- Is the bond market rout finally over?
- Dollar stays pinned down after yesterday’s retreat
- Equities perk up in European morning trade
- BOJ’s main message is to maintain easy policy, even if their actions contradict – report
- ECB’s Knot: Policy rates now are at a good ‚cruising altitude‘
- Eurozone October final manufacturing PMI 43.1 vs 43.0 prelim
- Germany October unemployment change 30k vs 15k expected
- Switzerland October CPI +1.7% vs +1.7% y/y expected
- US October Challenger layoffs 36.84k vs 47.46k prior
Markets:
- NZD leads, USD lags on the day
- European equities higher; S&P 500 futures up 0.6%
- US 10-year yields down 2.9 bps to 4.705%
- Gold up 0.3% to $1,987.87
- WTI crude up 1.4% to $81.56
- Bitcoin flat at $35,431
The reversal rally in bonds yesterday was the main story and the reverberations continue to be felt today, with yields also looking rather sluggish in European trading.
10-year Treasury yields are down at the lows near the 4.70% now and that is dragging the dollar down with it as risk trades continue to soar. The squeeze continues and will likely stay the course until we get to the US jobs report tomorrow.
Equities were cautiously optimistic early on before eventually running with a full on rally, as European indices are now clocking in 1.5% to 1.9% gains across the board. S&P 500 futures were up only 0.2% in the handover from Asia, but are now seen up 0.6% or 26 points on the day.

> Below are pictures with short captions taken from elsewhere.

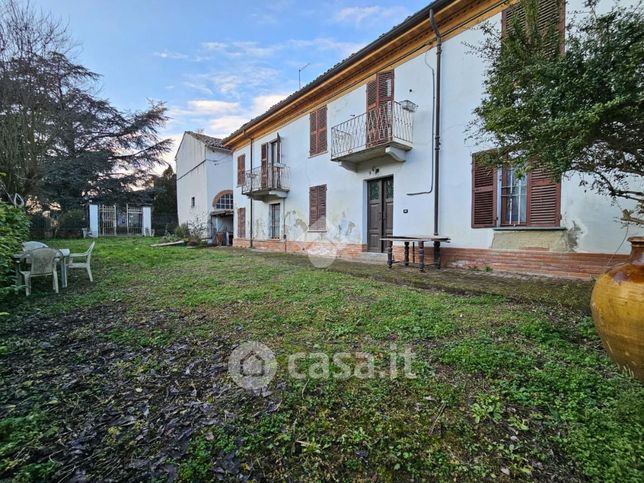 Casa indipendente in residenziale in Via Ferrara 14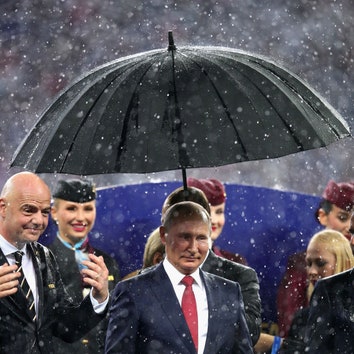 Путин не подал зонт женщине: что не так с реакцией соцсетей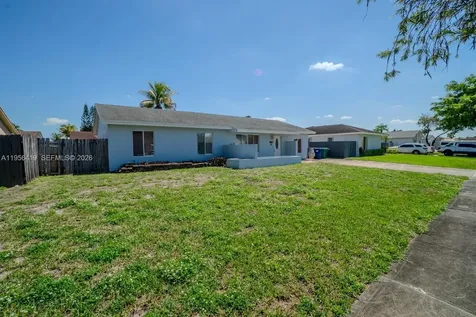 20013 NW 62nd Place Hialeah FL 33015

EUR/USD moved up from 1.0590 to 1.0630 levels while AUD/USD is largely holding gains at around 0.6430-40 levels on the day, up by 0.6%. The dollar is the laggard with USD/JPY trailing by 0.4% to 150.30 levels although not much changed from the end of Tokyo trading.
It’s all about the question if this is the top in yields and if so, that could as well signal a top in the dollar rally over the last few months.